■ **SUPPLIED MATERIAL**
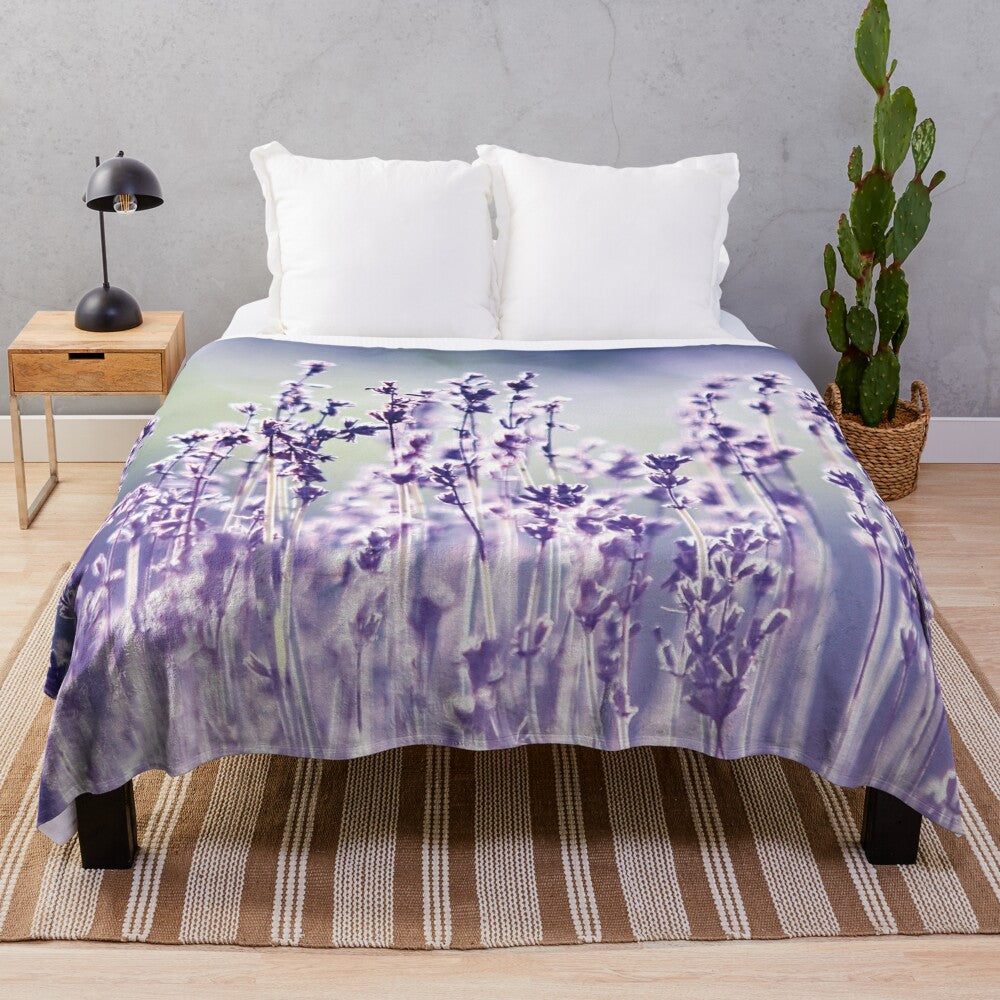 Purple summer field and lavender botanical pattern plush blanket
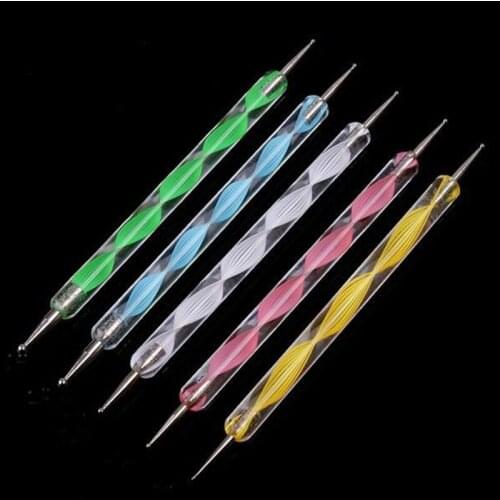2 way Marbleizing Nail Art Dotting Painting Pen Manicure Tools Nail Art Dotting pen Tool Dot Nail Care 5pcs/set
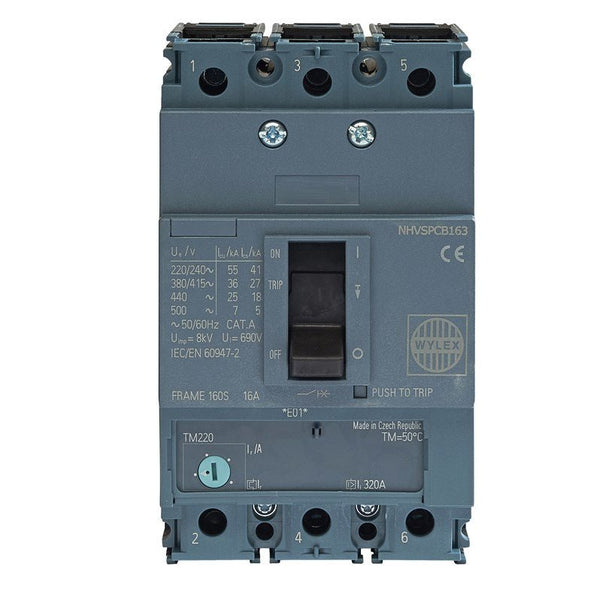 Wylex NHVSPCB163 16A 36kA 3P NHV MCCB ATFM c-w Box Terminals - Wylex - Falcon Electrical UK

■ **WORK TO COMPLETE**
Leave every image out, and retype the material exactly.

■ **THE ANSWER**
 Purple summer field and lavender botanical pattern plush blanket
2 way Marbleizing Nail Art Dotting Painting Pen Manicure Tools Nail Art Dotting pen Tool Dot Nail Care 5pcs/set
 Wylex NHVSPCB163 16A 36kA 3P NHV MCCB ATFM c-w Box Terminals - Wylex - Falcon Electrical UK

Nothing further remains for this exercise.